Python crawler crawling Zhaopin recruitment requirements

Source: Internet
Author: User
Tags xpath
I climbed Zhaopin today. About the request for Python, this code has nothing to say, and the same as the last, add things will be said later. All recruitment information on the page can be captured by recruiting information inside

 fromBs4ImportBeautifulSoupImportRequests url2 = ' http://sou.zhaopin.com/jobs/searchresult.ashx?kw=python&sm=0&p=1 ' #print (res.text) headers = {' user-agent ': ' mozilla/5.0 (Windows NT 10.0;  WOW64) applewebkit/537.36 (khtml, like Gecko) chrome/56.0.2924.87 safari/537.36 ', ' Host ': ' sou.zhaopin.com ',} web_data = Requests.get (url2, headers = headers) # print (web_data.text) soup = BeautifulSoup (web_data.text, ' Html.parser ') forI inSoup.select (' A '): # if i[' href '][:24] = = ' http://jobs.zhaopin.com/': # Print (i[' href '])Try:ifi[' href '].startswith (' http://jobs.zhaopin.com/'): info = requests.get (i[' href ']) Infosoup = Beautifu Lsoup (Info.text, ' Html.parser ') forA inInfosoup.select ('. Tab-inner-cont '):Try: Print (A.text)exceptKeyerror: PassexceptKeyerror: Pass

knock This code out of the process of encountering problems.

headers = {
' user-agent ':
' mozilla/5.0 (Windows NT 10.0; WOW64) applewebkit/537.36 (khtml, like Gecko) chrome/56.0.2924.87 safari/537.36 ',
 ' Host ': ' sou.zhaopin.com ',
}
When crawling home page, you can get the source code, but to the specific recruitment pages inside, found always return the wrong code. It turns out to be an anti-reptile, to add an agent. is the headers above.

try:
    i[' href '].startswith (' http://jobs.zhaopin.com/'):
        info = requests.get (i[' href '])
        Infosoup = BeautifulSoup (Info.text, ' Html.parser ')
         infosoup.select ('. Tab-inner-cont '): Try: Print ( 
            
                a.text)
             keyerror:
                pass
keyerror:
     Pass

This is a mistake that has been reported as a keyerror. Then accept the answer, need to add an exception, is above the try:......except Keyerror:pass on the line.


The above code, you can see because it is class so crawled down, not all of the Python application requirements look below

HTML
Requests

# page = Requests.get (' http://econpy.pythonanywhere.com/ex/001.html ')
# tree = Html.fromstring (page.content)
# #This'll create a list of buyers:
# buyers = Tree.xpath ('//div[@title = " Buyer-name "]/text ()")
# #This would create a list of prices
# prices = Tree.xpath ('//span[@class = ' Item-price ']/ Text () ')
#
print (' Buyers: ', buyers)
# print (' Prices: ', prices)

page = Requests.get ("http:// Jobs.zhaopin.com/450575810250022.htm?ssidkey=y&ss=201&ff=03&sg=d382e8f6a66b4c9e800b41c98de68d55 &so=1&uid=689899307 ") Tree
= html.fromstring (page.content)
content = Tree.xpath ('//div[@class =" Tab-inner-cont "]/p/text ()")
print (content)

This code has been tested. You can only crawl the Pyhton recruiting section. Because it's the XPath method. But copy XPath. Always get a space. The comment is the code on the Web. I just changed it.
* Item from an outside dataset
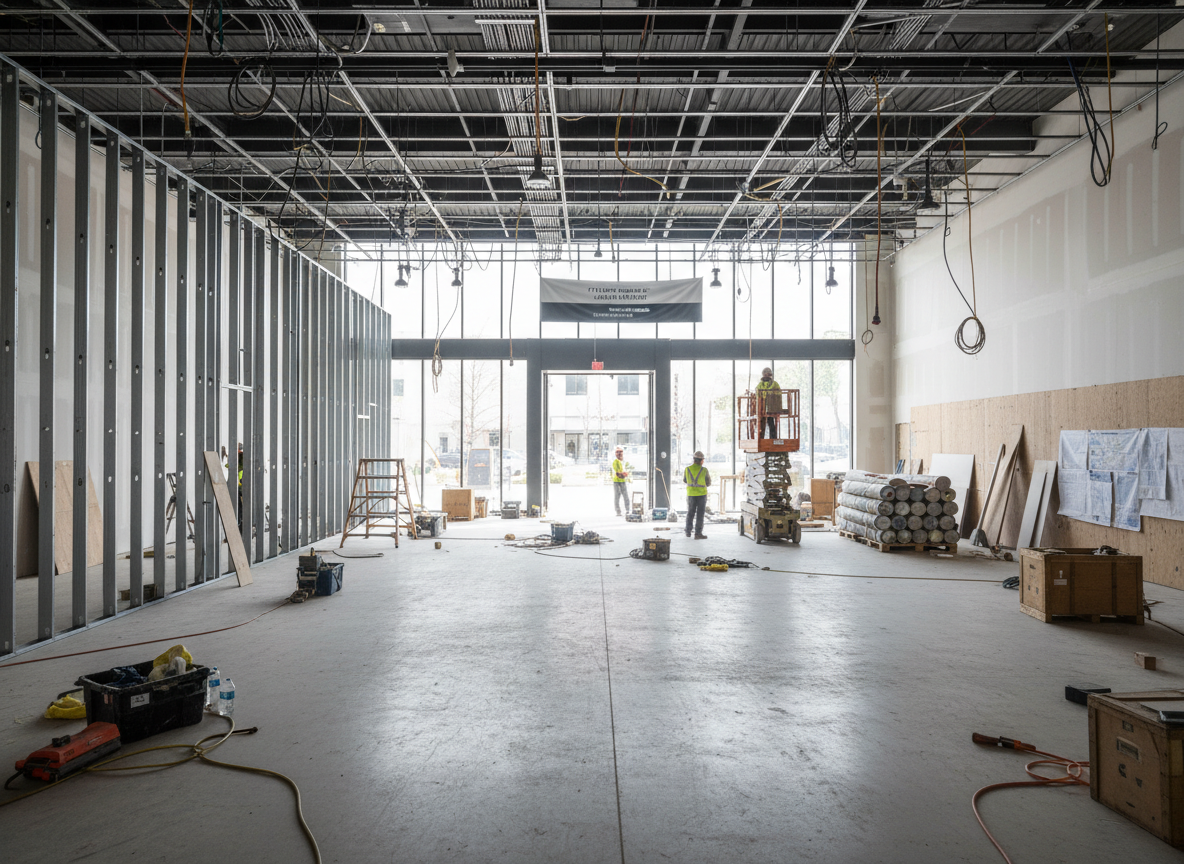 Retail space under renovation with exposed framing.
div[@class = "Tab-inner-cont"]/p/text ()

It turns out that the right thing to do is to mend. It won't be discussed.

Related Article

Contact Us

The content source of this page is from Internet, which doesn't represent Alibaba Cloud's opinion; products and services mentioned on that page don't have any relationship with Alibaba Cloud. If the content of the page makes you feel confusing, please write us an email, we will handle the problem within 5 days after receiving your email.

If you find any instances of plagiarism from the community, please send an email to: info-contact@alibabacloud.com and provide relevant evidence. A staff member will contact you within 5 working days.
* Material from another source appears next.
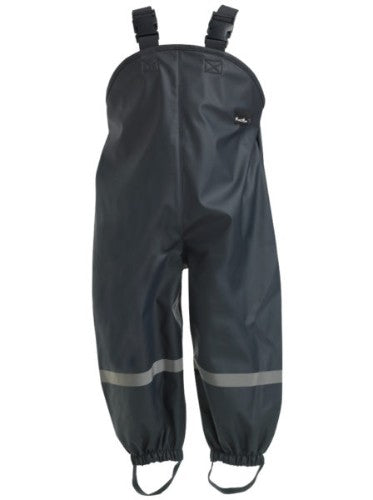 Mum 2 Mum Navy Rainwear Overalls for kids, 100% waterproof with adjustable straps and reflective stripes for visibility.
A Free Trial That Lets You Build Big!

Start building with 50+ products and up to 12 months usage for Elastic Compute Service

  • Sales Support

    1 on 1 presale consultation

  • After-Sales Support

    24/7 Technical Support 6 Free Tickets per Quarter Faster Response

  • Alibaba Cloud offers highly flexible support services tailored to meet your exact needs.